I'm not totally sure we have enough info, but here's a stab at it:

Suppose you're using openindiana.  (Because that's what I have in front of me to talk about.)
You could identify a command like this, that works for your personal tastes:
	vncserver :1 -geometry 1350x820
You could make an smf service, that runs under your credentials, and automatically launches "the above command" at system startup.
You could VNC into the box, go to System / Preferences / Startup Applications, and specify an arbitrary script in there.

The net result would be, upon boot, system would automatically launch the VNC gnome desktop, which would automatically launch the specified gui application.  This technique works for all sorts of OSes, including rhel/centos and ubuntu (substitute the startup manager for your OS, rather than smf of solaris).  It's kind of a hoakey kludge, but I've used it before, when I needed a hoakey kludge.

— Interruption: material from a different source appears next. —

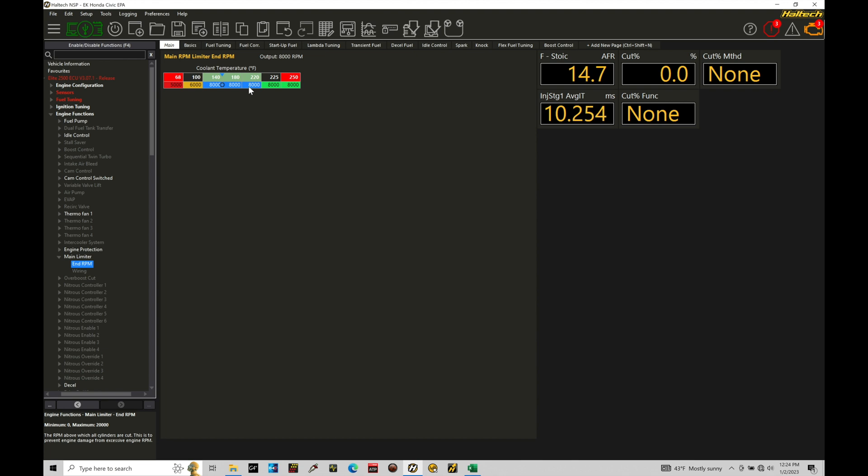Now, when you're programming a rev limiter, I like to put my limiter about 500 RPMs above where I've made peak power out of the engine. Now that may not always be the case. So if you're finding that the engine mechanically can only rev to something like 8000 or something like 7500, you wouldn't be able to go put it 500 RPMs above.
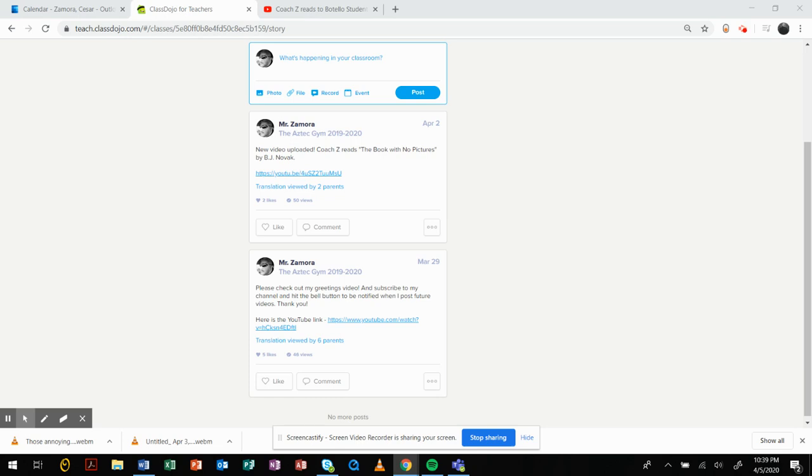Hey, this is Coach Zamora and I wanted to create a quick video for our parents, students, and staff on how to access all the video links and lesson plans that are coming up for the week of April 6.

I've used that before, to automatically launch some guest VM's on a headless server.  I know I'll draw criticism for that comment, because there are so many other solutions that would be better, but when you inherit a windows AD server as a VM guest of a headless rhel server, with $0 budget, and you're in a foreign state for one day, with your schedule completely full, no time to reformat the system and convert the xen guest into an esx (or whatever) vm...  Hells to all you who wanna laugh at me for doing it, I did the right thing by not messing with it, and simply making it work automatically.  We left it running for about 2.5 years after that, surviving power outages and everything.  It was very reliable, and I never had to drive or fly back there to mess with it ever again.  Until we closed that office and my coworker had to go there to pick up the hardware.